While members of the Digitization Project at Yale flipped through old library books to ensure they would withstand scanning, staff members discovered snippets of Yalies’ lives that were accidently left between the pages of the books.

The new exhibit in Sterling Memorial Library, “Treasures: Beautiful and Surprising Finds from the Digitization Project at Yale,” features a variety of different artifacts — including love letters, dried flowers and old photographs — that they found.. Many of these books, which had been stored at Yale’s Library Shelving Facility in Hamden, were once checked out by hundreds of alumni and hold relics of Yale’s past.

In September 2007, the Yale University Library began to digitize books that were in the public domain, so long as the books were in English and printed before 1923. Though Yale lost funding from Microsoft Corporation, who financed the digitization project until May 2008, the library will fund the project until June, Jennifer Weintraub, Digitization Project manager, said. By June, there will be approximately 35,000 digitized books.

“Many of the books were scanned were from the Mudd Library where students and faculty can’t look at them,” Weintraub, one of the show’s curators, said. “Even though you can request books it will be really nice to look at them to see if they’re really what you want.”

During the long process of sifting through old books, every time a staff member found something interesting, she put it aside.

“My favorite thing was a four-page letter written by someone in the military,” Iris Papaemmanouil, catalogue assistant for the digitization project, said. “It was very personal — written by someone in the military to someone he had never met before. It started by saying, ‘You don’t really know anything about me …’ and then went on to detail his life.”

It was that type of item that inspired staff members to spearhead the project. Mary Ellen Budney, the Digitization Project supervisor, said the idea that people left intimate items “between pages where they could be lost forever” was poignant.

Yet Budney said it made her realize students have not fundamentally changed, at least in their work habits, since the early 1900s. She came across little notes written by students expressing their exasperation about studying and their sleep deprivation after pulling all-nighters.

Additionally, staff members found cover art, sketches, ticket stubs and football schedules.

One of the books on display featured notes written by Yale explorer Hiram Bingham III, who is famous for rediscovering Machu Picchu in 1911.

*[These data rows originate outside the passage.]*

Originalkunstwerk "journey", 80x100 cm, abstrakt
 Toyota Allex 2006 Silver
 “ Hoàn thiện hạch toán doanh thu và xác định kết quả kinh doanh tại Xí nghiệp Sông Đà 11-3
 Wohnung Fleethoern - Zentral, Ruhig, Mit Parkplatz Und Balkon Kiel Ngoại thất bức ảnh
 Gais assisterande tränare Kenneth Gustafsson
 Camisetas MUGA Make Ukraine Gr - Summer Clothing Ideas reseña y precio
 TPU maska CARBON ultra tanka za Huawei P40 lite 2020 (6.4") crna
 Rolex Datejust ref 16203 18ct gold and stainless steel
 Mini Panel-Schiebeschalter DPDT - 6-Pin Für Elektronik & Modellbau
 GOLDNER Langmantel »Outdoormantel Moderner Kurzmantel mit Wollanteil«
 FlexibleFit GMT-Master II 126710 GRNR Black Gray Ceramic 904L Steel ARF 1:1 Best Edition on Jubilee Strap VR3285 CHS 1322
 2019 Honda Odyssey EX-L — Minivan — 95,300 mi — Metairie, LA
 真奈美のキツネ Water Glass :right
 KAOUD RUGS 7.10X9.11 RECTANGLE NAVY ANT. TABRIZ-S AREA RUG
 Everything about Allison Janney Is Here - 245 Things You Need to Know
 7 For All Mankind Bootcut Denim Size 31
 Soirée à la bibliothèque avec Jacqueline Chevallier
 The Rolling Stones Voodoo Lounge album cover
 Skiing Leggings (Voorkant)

“It would surprise students of Mexican archaeology to learn that Inds were forced to relinquish morality and religion and accept instead bigotry, sensualism and superstition,” Bingham wrote on the margins of a book he donated to the University.

Another item in the glass case — a love letter that said, “I am deeply in love with Barbra Ann Negri” — illustrates the range of the curator’s findings.

Weintraub said the digitization staff wanted to emulate the experience of opening the books of one’s grandfather and witnessing glimpses of his life.

This exhibit also forces viewers to reassess the value of tangible books in the age of digitization, Papaemmanouil added.

“I think that if you look at this exhibit you can see how valuable the two worlds are and how they can both coexist,” she said. “Without the print you could never have an exhibit like this.”

The exhibition will be on display until June 30.